*Task description*:
From the line containing "Truyện: Nhổ củ cải" down to the final line of the entries below, return each line exactly and drop the pictures.

*Input material*:
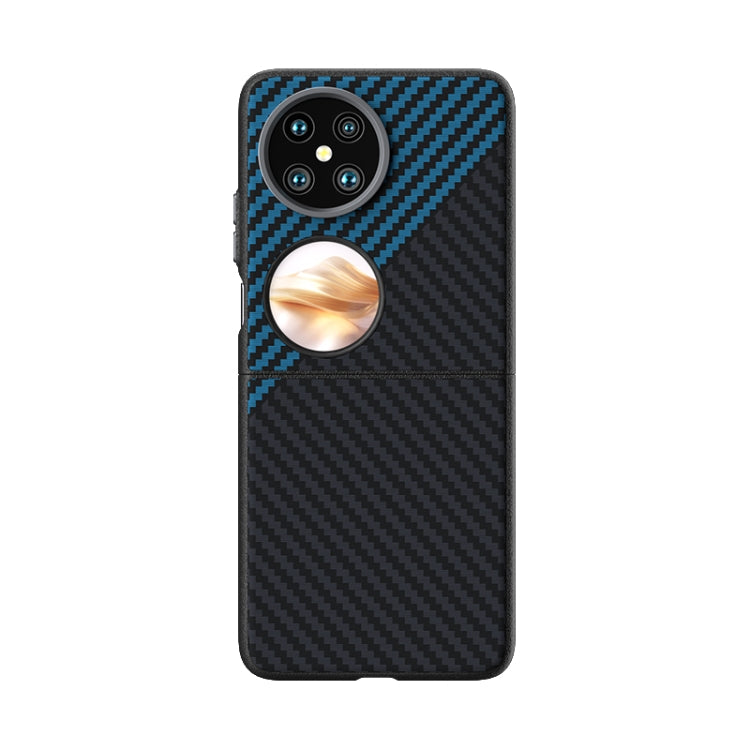 For Huawei Pocket 2 ABEEL C Carbon Fiber Series 6D Micro Relief MagSafe Phone Case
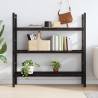 Wall Shelf Dark Brown 120x30 cm - Solid Oak Wood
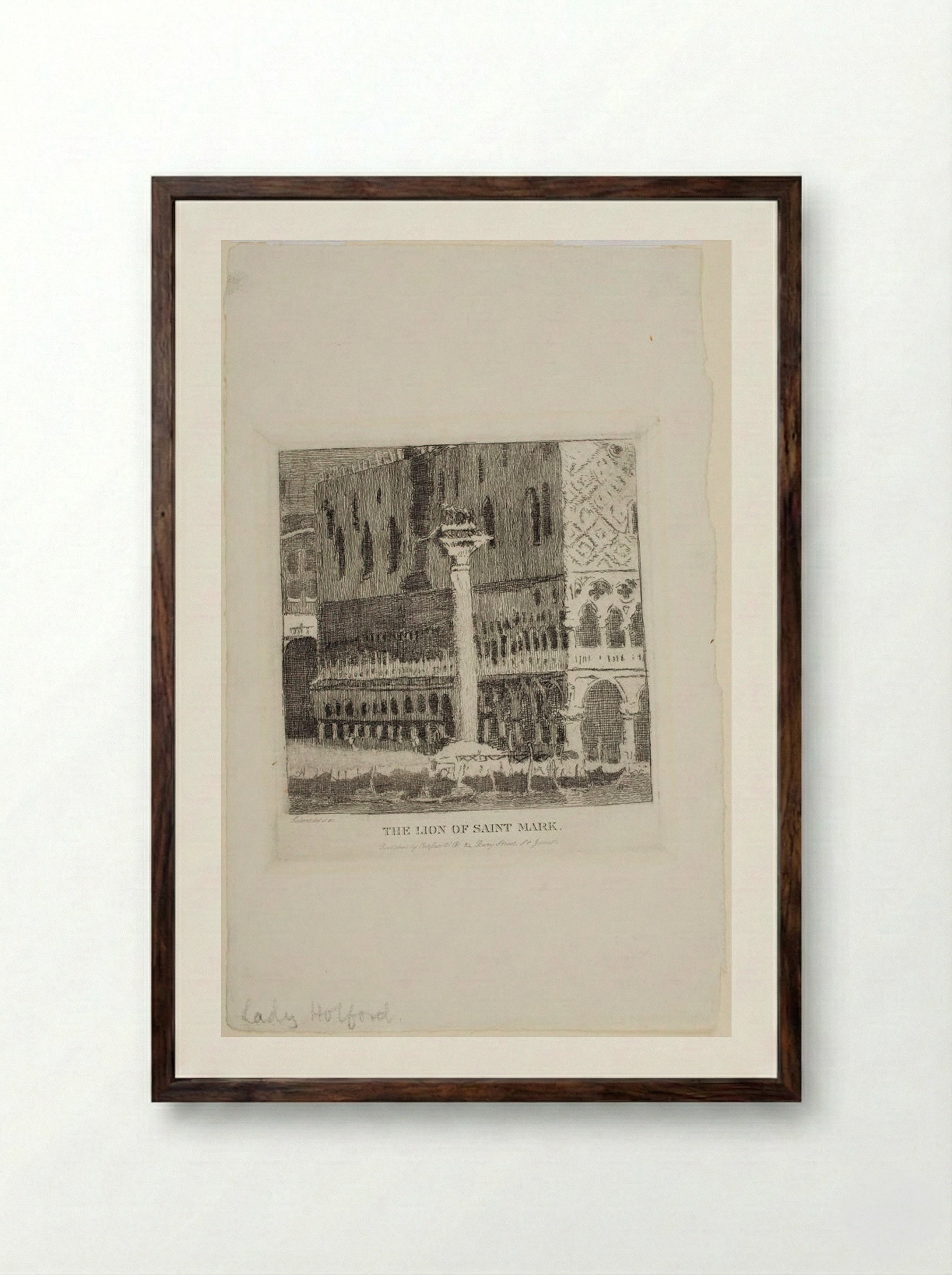 The Lion of Saint Mark - Walter Sickert - Framed Print Dark Wood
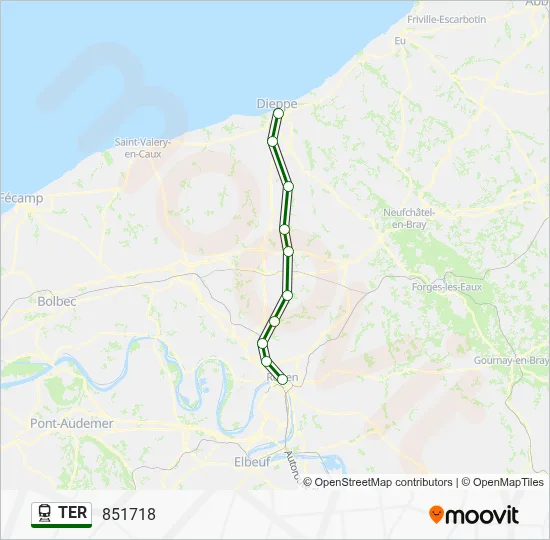 TER Train Line Map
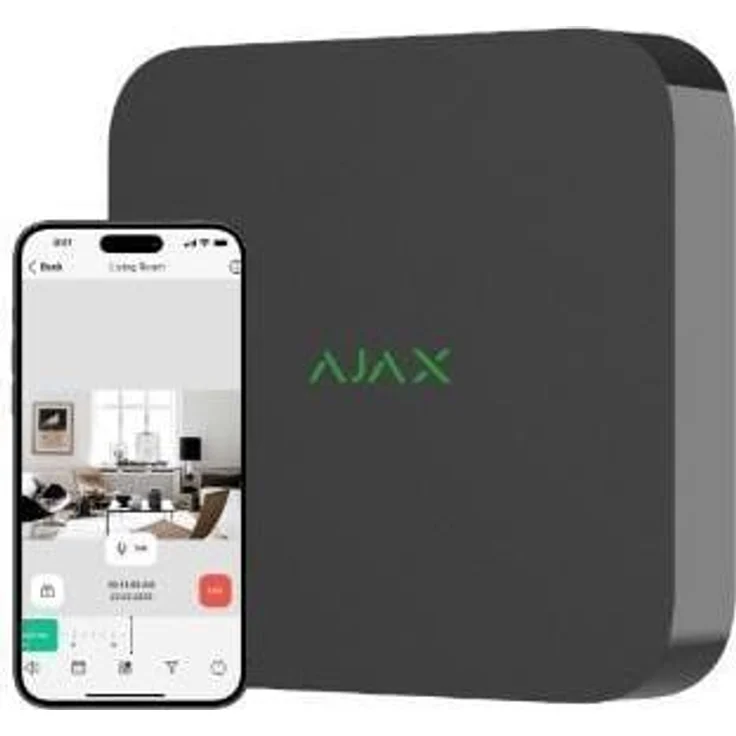 Ajax NET VIDEO RECORDER 8CH/BLACK 70938, Netzwerk Videorecorder (NVR) mit schwarzer Farbe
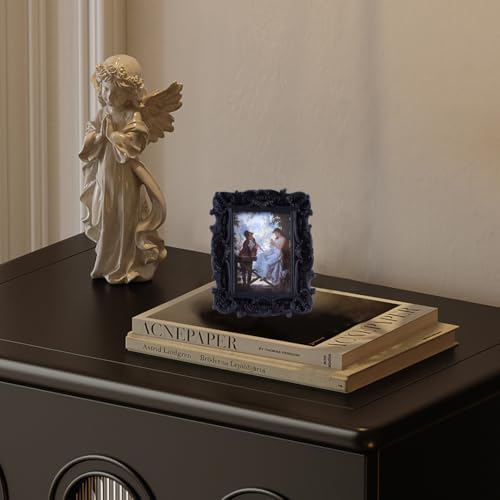 Antique Picture Frames 8x10 Vintage Victorian Ornate with Glass, Black S55546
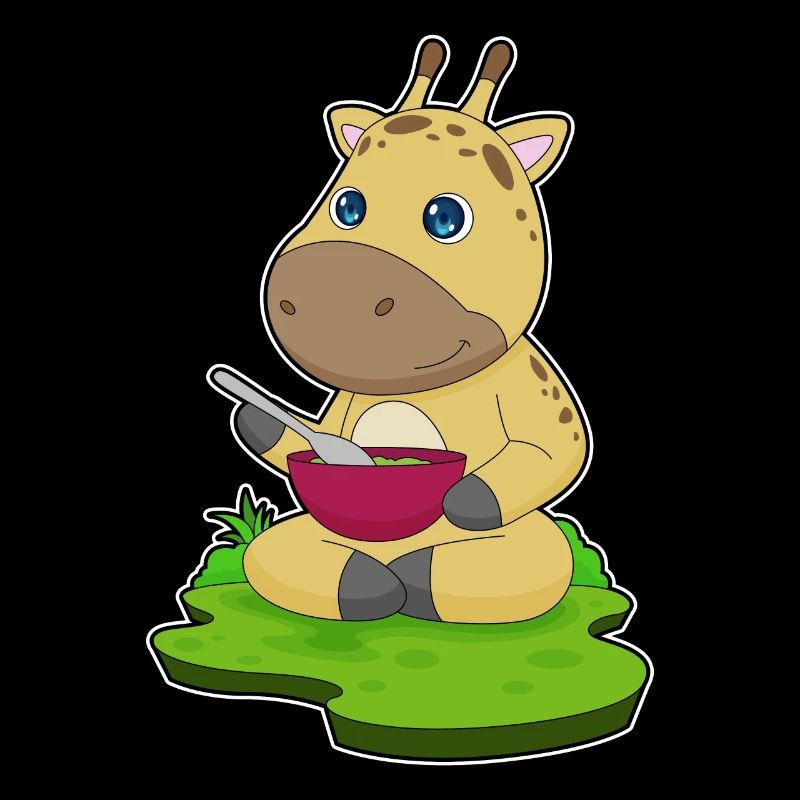 Cuisson dans un bol de cuisson pour girafes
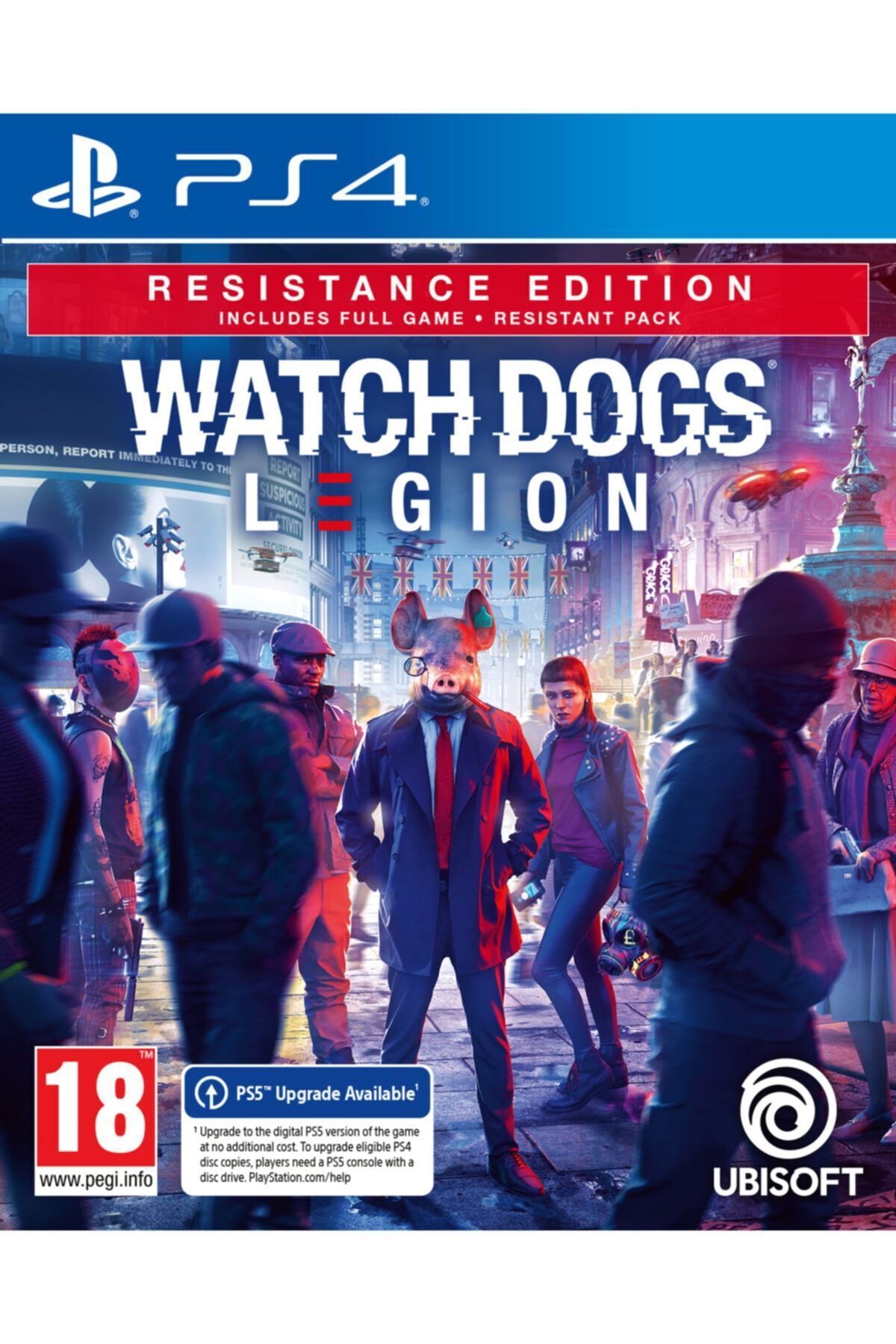 Ps4 Watch Dogs Legıon Resıstance Edıtıon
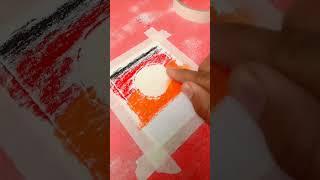 the oil pastel colors drowning #shortvideo #oilpastel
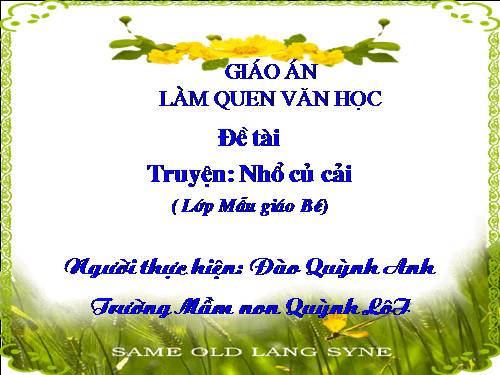 Truyện: Nhổ củ cải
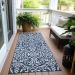 Addison Rugs Chantille Navy 2'3" x 7'6" Runner Room Scene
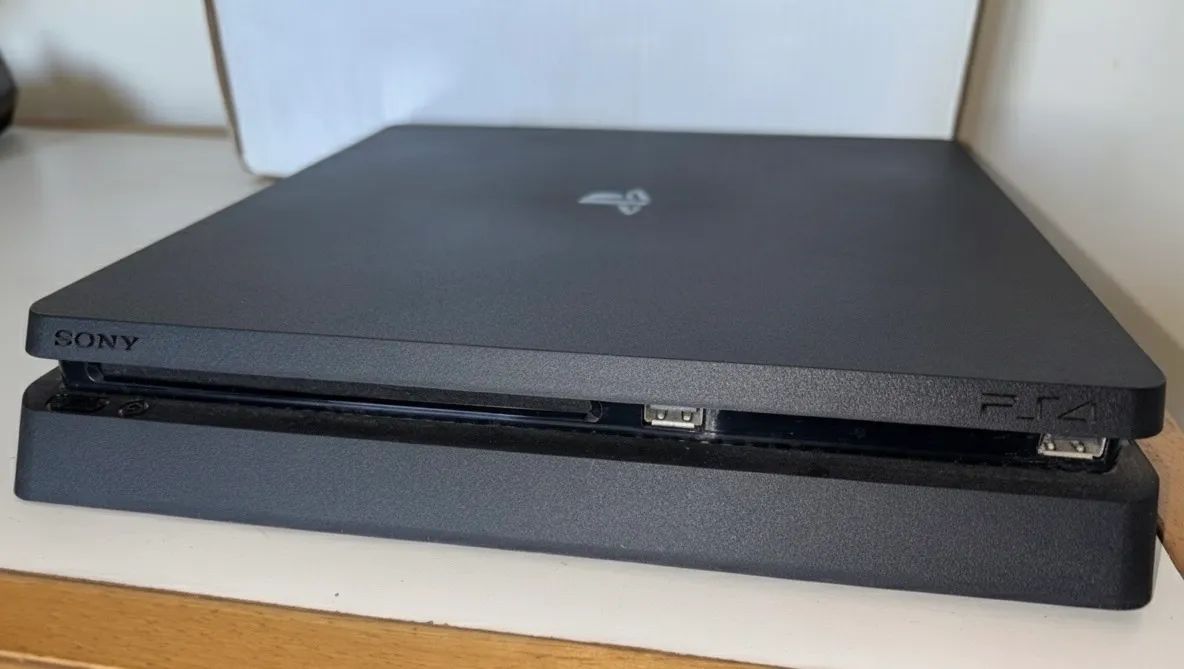Playstation 4 Slim 500GB + Caixa - único dono - funcionando perfeitamente  - Foto 5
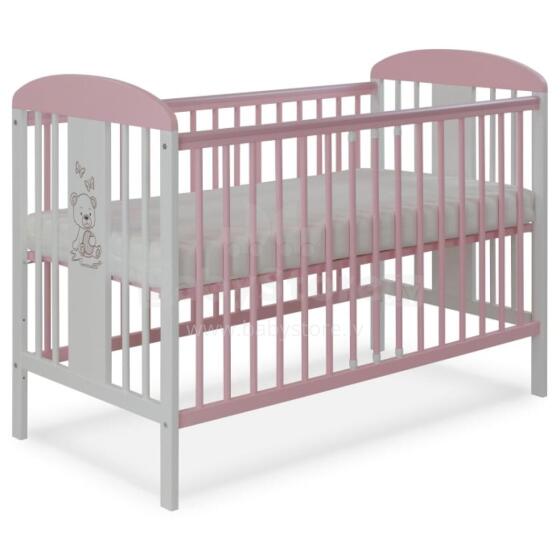 La Bebe™ Kids Wood Cot  Tomi 20 Art.64933 Pink  Bērnu kokā gultiņa 120x60cm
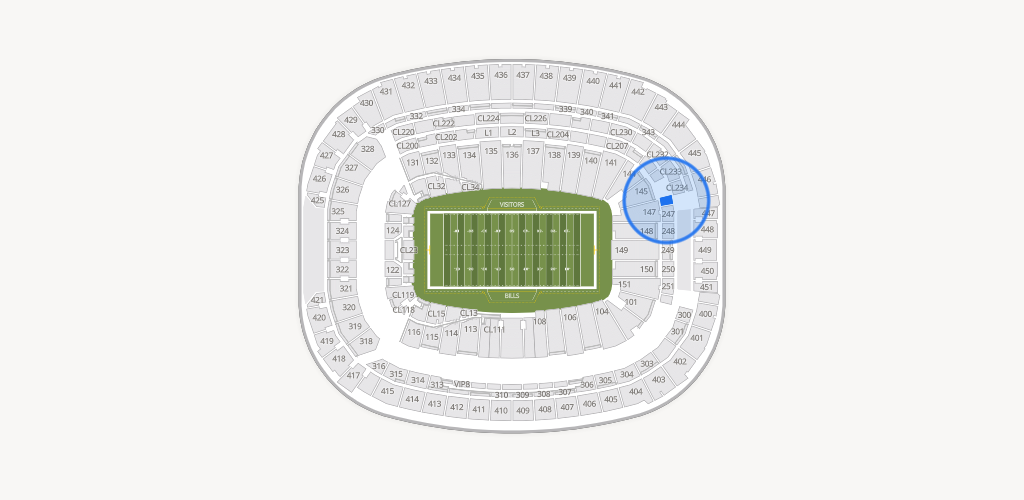 Highmark Stadium - NY Seating Chart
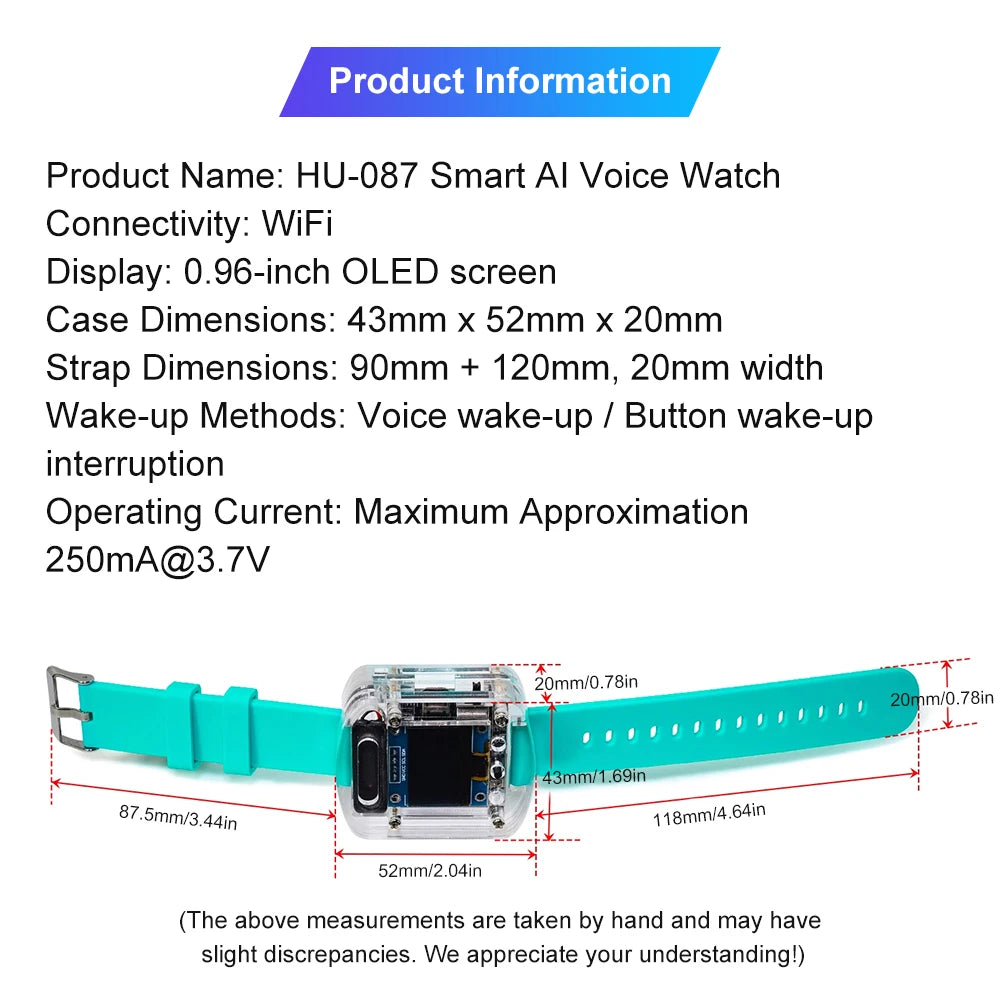 Xiaozhi AI Electronic Voice Watch Kit Artificial Intelligence Conversation ESP32 S3 N16R8 Development Board OLED Screen AI Robot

*Response below*:
 Truyện: Nhổ củ cải
 Addison Rugs Chantille Navy 2'3" x 7'6" Runner Room Scene
Playstation 4 Slim 500GB + Caixa - único dono - funcionando perfeitamente  - Foto 5
 La Bebe™ Kids Wood Cot  Tomi 20 Art.64933 Pink  Bērnu kokā gultiņa 120x60cm
 Highmark Stadium - NY Seating Chart
 Xiaozhi AI Electronic Voice Watch Kit Artificial Intelligence Conversation ESP32 S3 N16R8 Development Board OLED Screen AI Robot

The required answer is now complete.